Number of elementary operations for conventional, reduced, and optimal decomposition of QFAs

The quantum cost as defined for QFA1 before the optimization and after the optimization is 86 and 81, respectively. Similarly, the quantum cost for the QFA2 before and after the optimization is 91 and 84. The quantum gates state evolution from the initial state to final state is represented by the density matrix. The density matrix has two components i.e. Real and Imaginary (Imag).

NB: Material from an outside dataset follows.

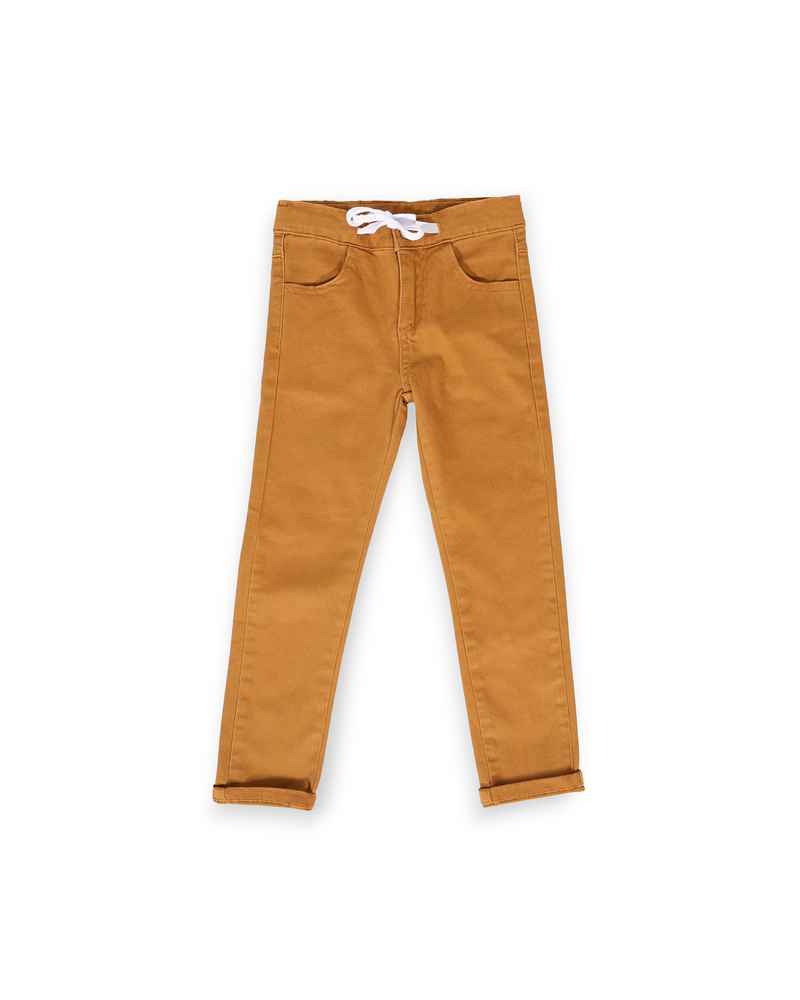 “Grow with Me” Jeans - Khaki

A density matrix is defined as a 2x2 matrix, which is a linear combination of the unit/identity matrix and Pauli matrices σx, σy, and σz as

$$ \rho = \frac{1}{2}\left( {I + \vec{a}\vec{\sigma }} \right) $$
(7)

The coefficient \(\overrightarrow{a}\) is known as the Bloch vector and is equal to

$$ \vec{a} = Tr\left( {\rho \vec{\sigma }} \right) $$
(8)

The density matrix evolution for the input state \(|1110\rangle \) and output state for QFA1 and QFA2 is presented in Fig. 9.

Fig. 9
figure 9

a Input density matrix for the state \(|1110\rangle \) b Output density matrix for the input state \(|1110\rangle \) (QFA1) c Output density matrix for the input state \(|1110\rangle \) (QFA2)

5 Conclusion

In this work, the optimization at elementary quantum circuits for 1-Toffoli gate-based QFAs and their realization on ST-based qubit architecture are presented. The achieved optimization is 5.81% and 7.69% for the QFA1 and QFA2, respectively, compared to their reduced counterparts. Moreover, the average fidelities for QFA1 and QFA2 are ~ 98.34% and ~ 98.21%, respectively. The improvement in fidelity is 0.7% and 0.57% for QFA1 and QFA2, respectively, over the fidelity of 2-Toffoli QFA. The execution time and the number of electrons required to realize QFA2 are more than QFA1 due to one extra CNOT gate.